Not something new to me to hear about in my family..
Just this time it sounds like it’s going to play out.
I’m honestly scared. Every fiber of my being is screaming in pain. I want it to stop.
Hearing my dad talk about evicting my mom, about living with my sister, about how the animals I grew up with (might) be given away. How he might move out of the house. The house I grew up in. The house he stubbornly told me he’d never leave.
What scares me the most is the thought of my mother calling me.
“Ashley! Your father is leaving me!” “Your father is doing…” “Ashley I don’t know what to do! Where will I go!?” “Were will I go?”
I love my mother despite all the mental, verbal, and physical abuse.
I can’t be like “WELL MUM IT SUCKS TO BE YOU SO SORRY YOU SHOULDN’T OF HURT EVERYONE!”
I ..I just don’t know..Andrew sees it tearing me up all the time. Sees me crying on the phone with my father. He does things for me to just get me to smile. It means the world to me..

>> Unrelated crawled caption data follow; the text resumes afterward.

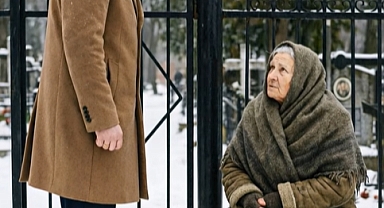 mezarlığın kapısında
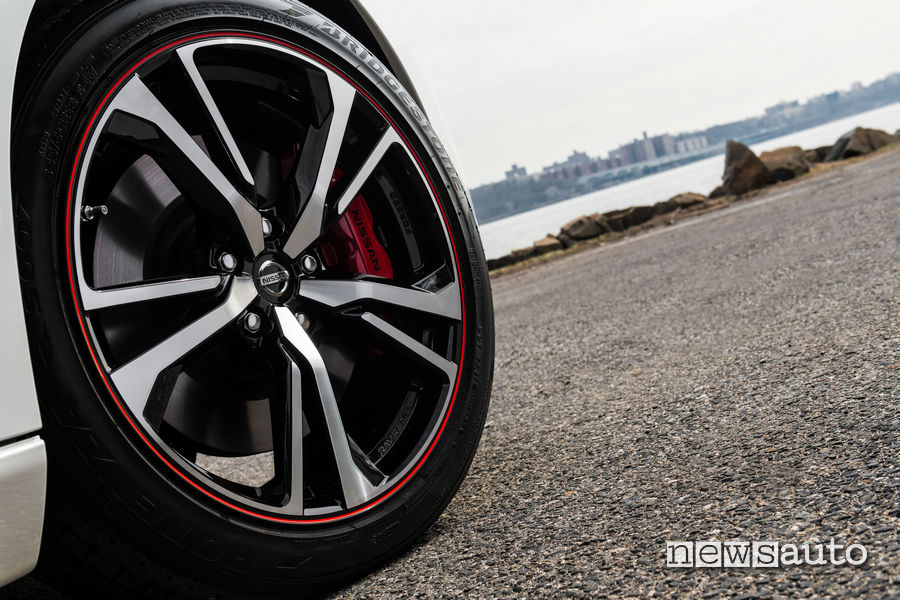 cerchi Nissan 50 Anniversary Edition 370Z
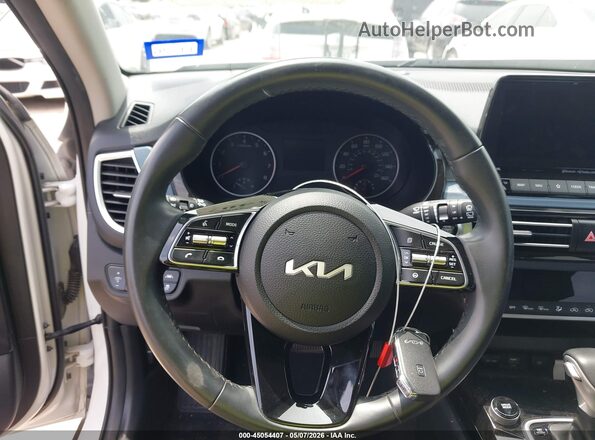 KNDEU2AA4P7396366 2023 KIA SELTOS White Vista del salpicadero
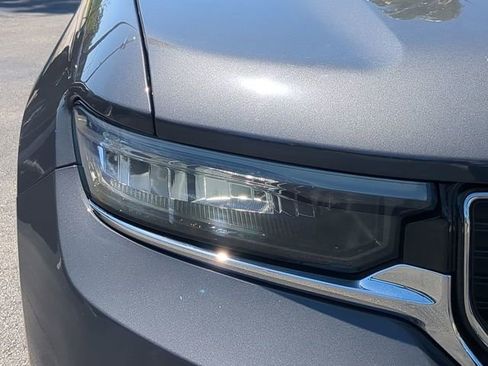 Used 2023 Jeep Grand Cherokee Limited w/ Luxury Tech Group II image 10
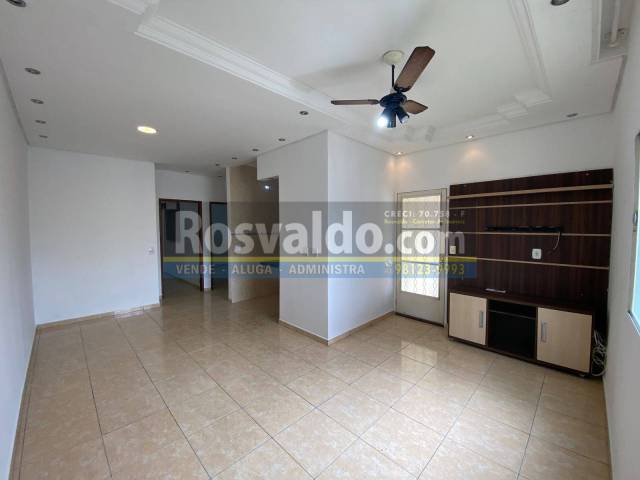 Venda em Bairro do Colonia - Jacareí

But for some reason I feel like nobody understands my situation.
I mean a bunch of my friends/past friends have parents that are divorced.
Andrew went through all the shit with his father when he was small.
Ber’ with her father.
Maupin with her father.
But my issues are with my mother. The women that brought me into this world. The one that wanted a daughter SO bad.
She did so much for me. Got so many things and opportunities for me. Pushed for things I wanted.
So much different then everyones ” Well my dad was a total asshole who I could give a fuckless about.”
Andrew tells me he’s going to get me through this, that he’s been through it. How? I don’t under stand how you can..you were so young…and luckily got out young.
I’ve been living in it since I left hom-no I still fucking deal with it.
Granted I’m not trying to make this a contest of “WELL I’M GOING THROUGH SOOOOOOOOOOO MUCH MORE THEN YOU!”
I hate these emotions.
And wtf is with Pandora playing all the emotional songs..
I have to be strong for my father….I have to smile and not show how this is really hurting me.
Just like how I did growing up. :D
In other words the Taco Cabana out here in El Paso is perdy yummy.